O método científico fora da academia

O biólogo Pedro Ferreira Develey continua fazendo pesquisa ao observar aves

Léo Ramos Chaves / Revista Pesquisa Fapesp

Sou um pesquisador saudosista. Da entrada na graduação, em 1988, até o término do doutorado vivi 16 intensos anos na Universidade de São Paulo [USP]. Apesar dos intervalos entre essas formações, sempre me mantive atuante na vida acadêmica. Construí uma longa e sólida relação com esse espaço de conhecimento. Prova disso é a predileção pela docência, o interesse no compartilhamento de dados e informações – na forma de artigos e/ou palestras –, na supervisão de pesquisas. Sinto falta dessa dinâmica. Na minha atual rotina profissional, há pouco espaço para ela.

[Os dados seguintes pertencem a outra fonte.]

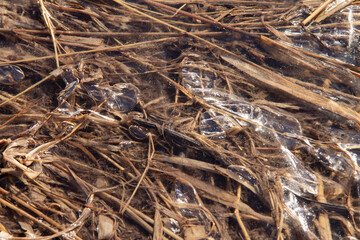 natural background last year's dry grass under the crust of ice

Há 18 anos à frente da Sociedade para a Conservação das Aves do Brasil, o fazer acadêmico está mais distante. Como diretor-executivo da Save Brasil, uma organização não governamental, sou responsável pela gestão de quase 40 pessoas, pela captação de recursos para projetos de conservação ambiental e por seu controle financeiro-administrativo. Mas tenho clareza de que só tem sido possível dirigir esse braço da BirdLife International, a aliança global de organizações da qual a Save faz parte, porque assimilei o método científico durante minha trajetória universitária.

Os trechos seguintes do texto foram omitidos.